Una semifinal con 35 años de edad media, casi Edad Media. La antigüedad es la estrella, se enfrentan los inmortales Nadal y Federer, con pasaportes de gira de veteranos. Juegan a tenis de memoria, podrían vendarles los ojos. El espectador no se siente ante un partido de estreno, sino ante una nueva interpretación de una sonata de Mozart.

Nadal es deporte para viejos. No es una queja. No vemos a nadie más en la parrilla de jóvenes contendientes que son rutinariamente despedazados por los ancianos de la tribu de la raqueta. Sobre todo, no queremos ver a nadie más. Suspirábamos por la reedición del Nadal-Federer, aunque sea para contemplar al suizo subiendo a la red con la desesperación de un fusilado de Goya buscando una bala. O a punto de que su rival le partiera la cadera en el decisivo noveno juego del segundo set, que desvertebró el encuentro.

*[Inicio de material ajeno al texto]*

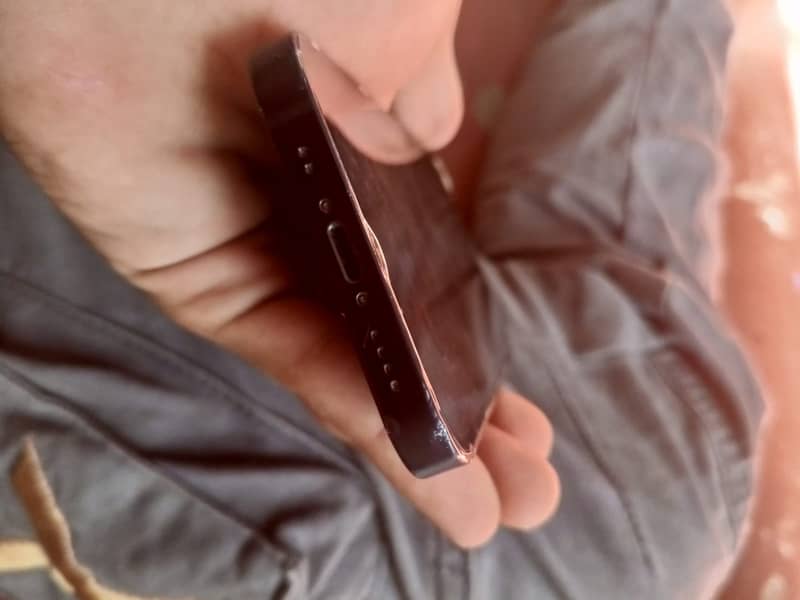 iPhone 12 mini 4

Los dos violinistas de la raqueta priman la precisión sobre la velocidad. Con la tierra como superficie parcial, solo hay un ganador posible. Nadal no es para Federer un rival, sino un síndrome que rejuvenece al suizo hasta la dimensión temblorosa de un principiante azorado. Esta ley se cumple desde que el mallorquín se impusiera en la final de Wimbledon unánimemente considerada como el mejor partido de los tiempos. Por eso le ha doblado en juegos, 18 a 9.

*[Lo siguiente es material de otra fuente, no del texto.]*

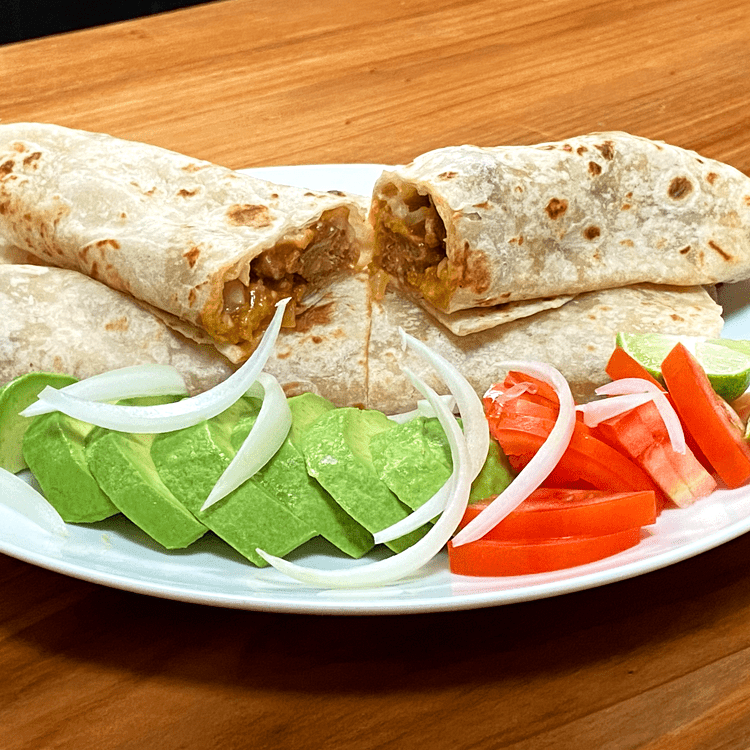 Burro de chicharrón en salsa roja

En la semifinal de Roland Garros se han recopilado algunas escenas memorables de las obras completas del Nadal-Federer. Para este revival con formato de popurrí, al suizo le han colocado un par de kilos, pese a que es impertinente muscular a un maniquí.

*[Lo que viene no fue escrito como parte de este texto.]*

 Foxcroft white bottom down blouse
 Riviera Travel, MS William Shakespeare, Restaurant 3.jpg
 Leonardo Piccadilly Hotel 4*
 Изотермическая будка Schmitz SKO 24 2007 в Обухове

El mallorquín ha cumplido con la rutina del artista que ofrece la misma función una docena de veces, sin apearse jamás de la entrega y la profesionalidad. Haber ganado once Roland Garros a estas edades debería ser delito. Asomarse al vértigo de una docena de victorias es una certidumbre con un margen nada desdeñable de inseguridad. Porque Federer teme a Nadal que teme a Djokovic.